[By Jiao Haiyang/China.org.cn]
One of the policy issues at the top of the agenda at the recently concluded G20 summit was global rebalancing. Achieving strong, balanced and sustained growth was identified by the G20 leaders as a key policy objective.
While G20 officials agreed to allow greater roles for market forces in exchange rate formulation, they also emphasized the need for structural reforms in order to resolve global imbalances. The G20 leaders must be commended for not taking the wrong policy path. The agreements reached by the G20 finance ministers' and central bank governors reduced the risk of a global currency war.
But the possibility of a currency war has not yet been completely averted. Opinion leaders in the West continue to contemplate various options for the US to wage a currency war with China. These include a new version of the Plaza Accord that would focus on exchange rate and fiscal policies in major surplus and deficit countries; punitive import tariffs; restrictions on access to the US Treasury market by countries with surpluses; countervailing intervention by the US; and the Fed flooding the world with dollar liquidity.
In my view, none of these options would be effective in addressing the root cause of the global imbalances. Some are even impossible to implement. Even if the US is able to ban China from accessing the primary Treasury bonds markets, it has not the means to restrict China from buying Treasury bills in the secondary market. Given that China is already the largest holder of Treasury debt, banning China from the market could mean significantly higher costs of capital. Countervailing intervention is even more difficult. Since China still maintains capital account controls, it would be extremely difficult for the US to source renminbi in international currency markets.

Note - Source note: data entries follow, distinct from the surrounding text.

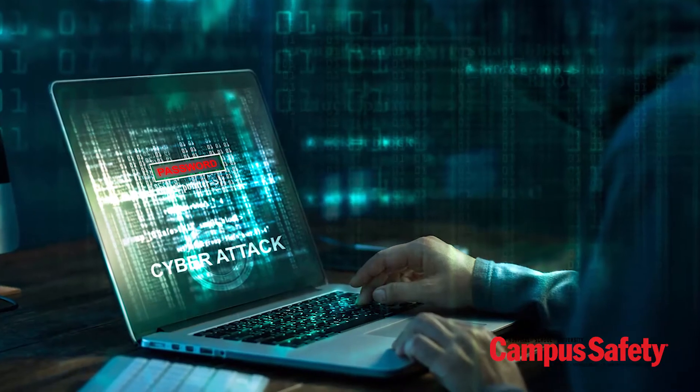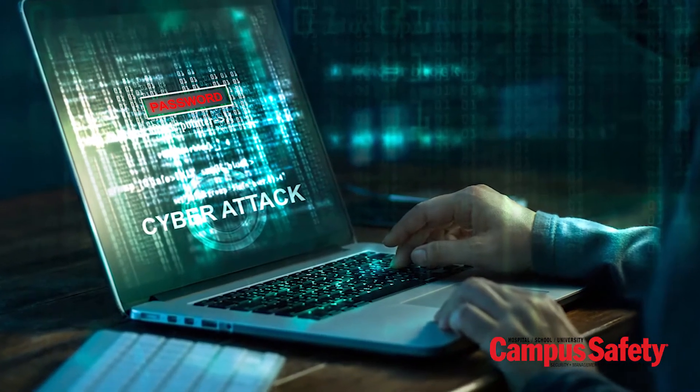They have operating systems and they will have vulnerabilities. So if we don't take proper due diligence and apply cybersecurity best practices, we put them at risk of being attacked. They could be the way that a campus or an organization is attacked through the Internet.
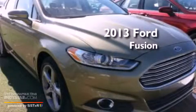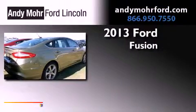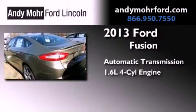This is a brand new 2013 Ford Fusion. This four-door sedan has an automatic transmission and an inline four-cylinder engine.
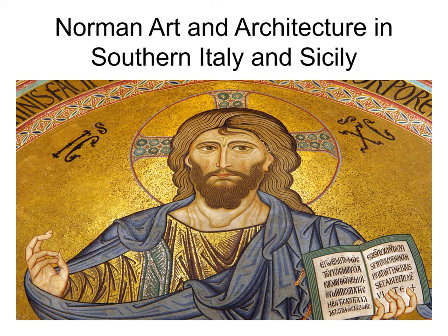Today we're going to be discussing the topic of Norman Art and Architecture in Southern Italy and Sicily. This is the open public lecture that I'm leaving here for everybody to enjoy. We've been dealing with this talk for over a year and a half, so we thought it was about time to make it publicly accessible. What you can expect to find in this lecture is essentially the main characteristics of Norman Art and Architecture in Southern Italy and Sicily.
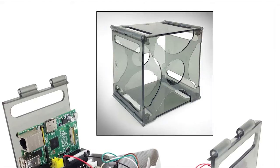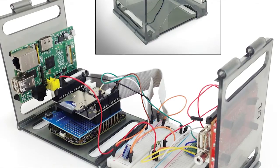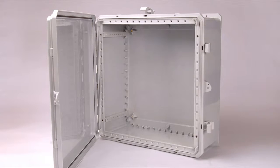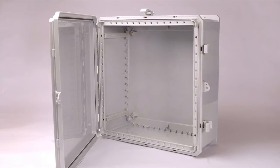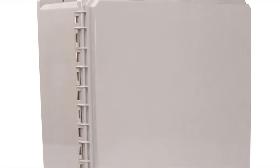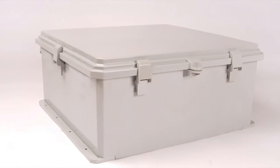Whether seeking to provide a waterproof environment or customized housing, enclosures are a vital part of the electronics engineer's repertoire. Though the materials may vary from beryllium copper to steel to plastic, each enclosure seeks to ensure whatever it's protecting exists in an environment that allows it to function at peak efficiency.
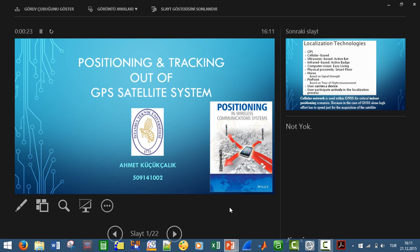Hello everyone. My subject is positioning and tracking within cellular networks, outside of GPS satellite systems.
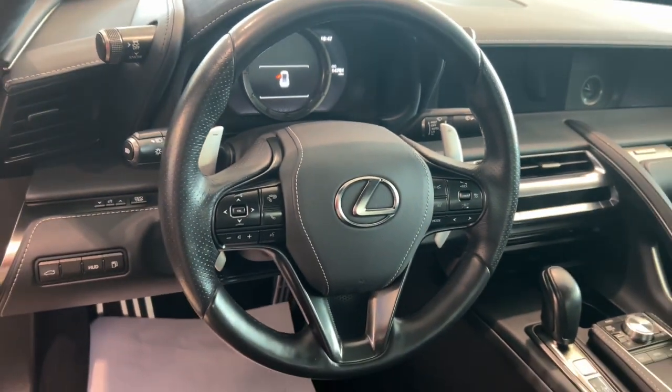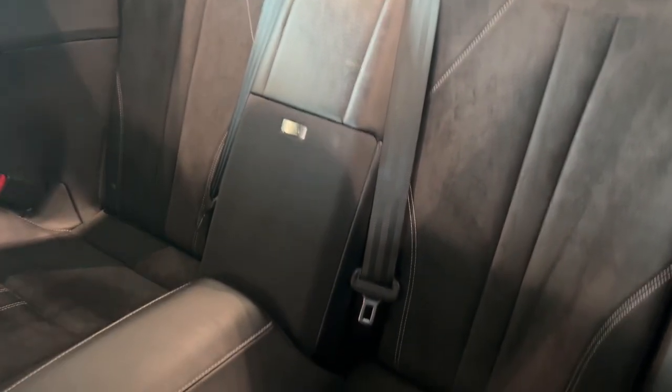High performance power meets high-end luxury in this exquisite LC. See for yourself when you take it out for a test drive. Our professional staff looks forward to giving you excellent service.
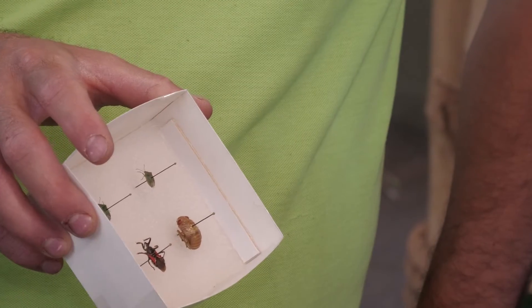But till then, make sure to go check outside by your porch light and see if you can find any of these cool true bugs that live here in New Mexico — I'm sure you'll find a couple!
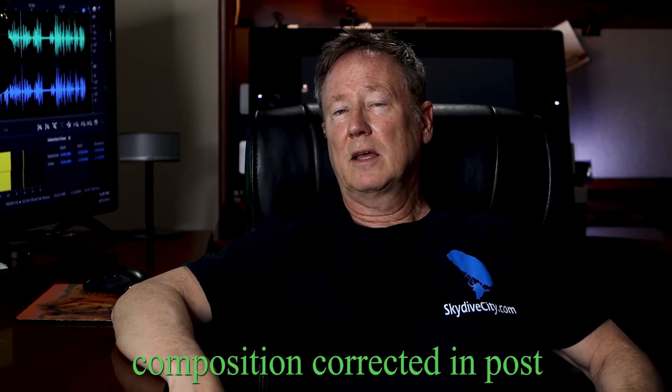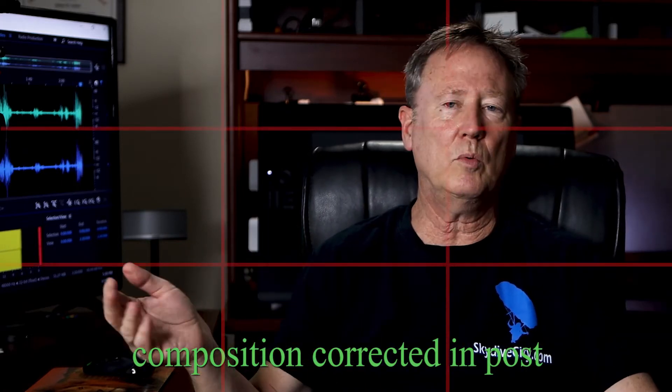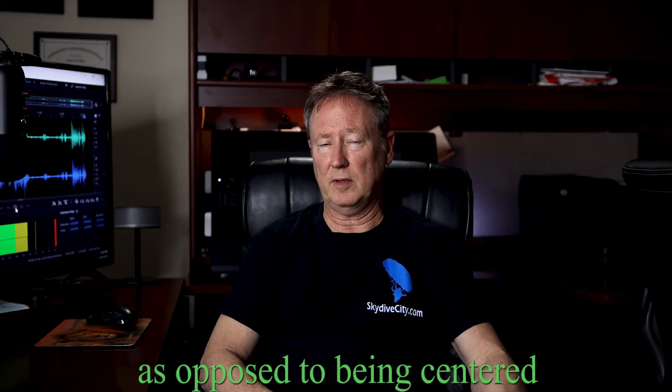Similarly, I generally follow the rule of thirds and position myself on one side of the frame. But let's say you shot yourself in the center of the frame and wanted to move yourself to one side or the other — you can do that very easily if you shot in 4K and you're using a 1080p sequence.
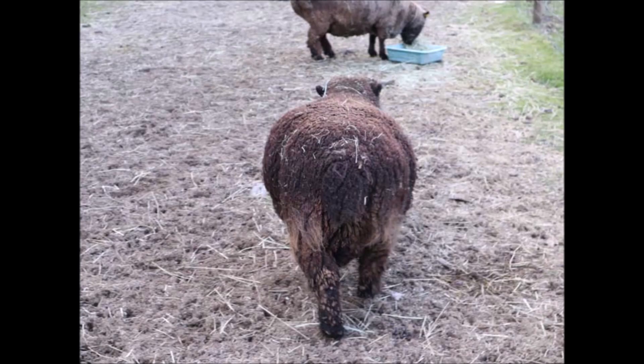Here's another picture of how wide she is. Flower is due March 3rd and isn't showing as much. I wonder if Clover has triplets — her mum, Sunshine, had triplets last year.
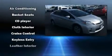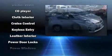Premium sound drives eight speakers, providing you and your passengers a sensational audio experience.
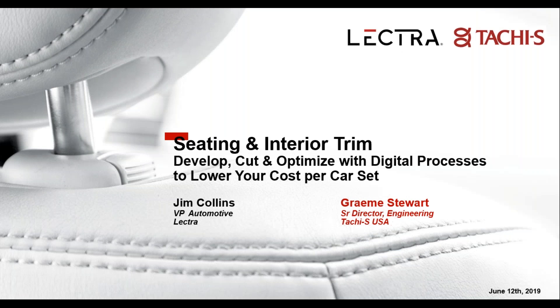Hello ladies and gentlemen, thank you for joining us today for this webinar titled 'Seating and Interior Trim: Develop, Cut and Optimize with Digital Processes to Produce a World-Class Interior at a Lower Cost,' brought to you by Automotive Design and Production magazine, represented by Lectra and Tachi-S. Today's webinar will focus on sharing transformative technologies that use digital processes and Industry 4.0 to enable global teams to design and manufacture world-class interiors while driving costs down.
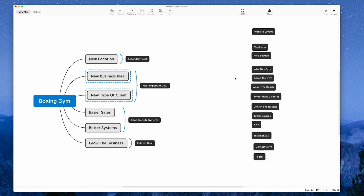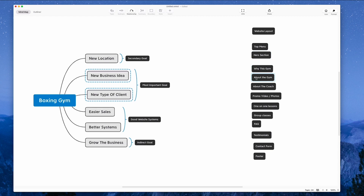We're now up to quite a few different sections — one page is filling up pretty fast. We've got a top menu, hero section, sections about the gym and the coach, possible promo video or some photos, then one-on-one lessons, group classes, frequently asked questions, testimonials, contact form, and footer. One thing that I think is missing is just some calls to action throughout this website. There are quite a few sections here, so if we just left it for people to scroll through each section and hopefully get to the bottom, maybe some people will drop off. So I'm going to add in two or three call-to-action buttons, just in case some people are already ready to go and don't have to scroll the whole way down.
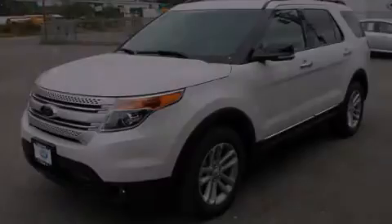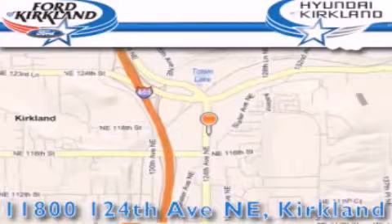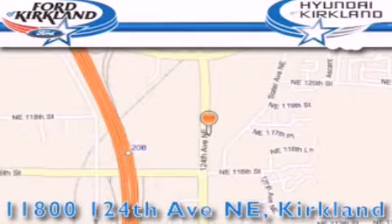Please call today to reserve this vehicle for a test drive. Ford and Hyundai of Kirkland is located at 11800 124th Northeast in Kirkland. Our goal is to exceed all of your expectations to ensure that you'll return for future visits.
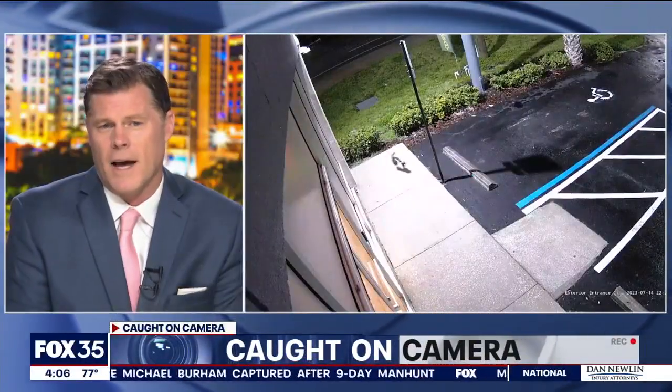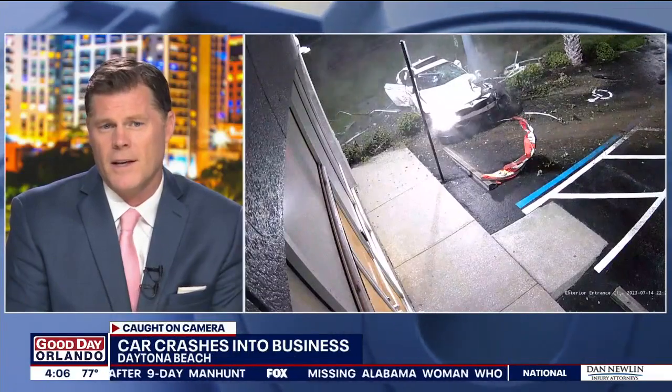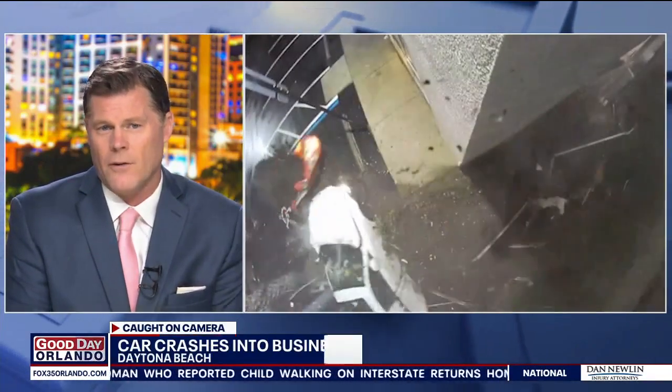Caught on camera, a speeding car spinning out of control and crashing into a business in Daytona Beach. This is video from the Sunnyside Cannabis Dispensary security camera. You can see the car slam into the side of the building before hitting a light pole.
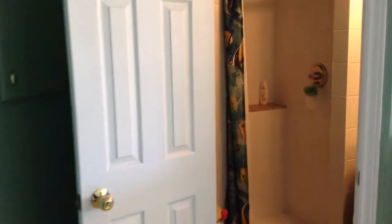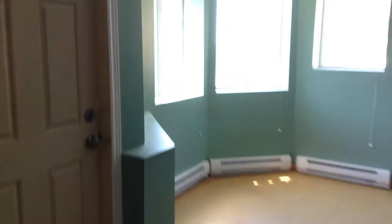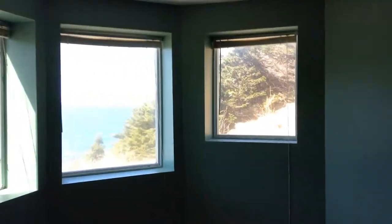Let's go downstairs. The steps going down, and we come into this beautiful open area right here. We have a nice rain head shower, another bathroom, and this is the space down here.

A trade war is possible, for example, through the import tariffs suggested by the Congress. But such measures would have to pass scrutiny by the World Trade Organization. Import tariffs would certainly reduce Chinese exports to the US. But, whether China continues to export to the US or the gap is filled by exports from other low-income countries, such import tariffs would lead to higher prices of basic consumer goods and probably higher inflation in the US. Given the differences in comparative advantages between China and the US, it is doubtful that the lost jobs would go to the US.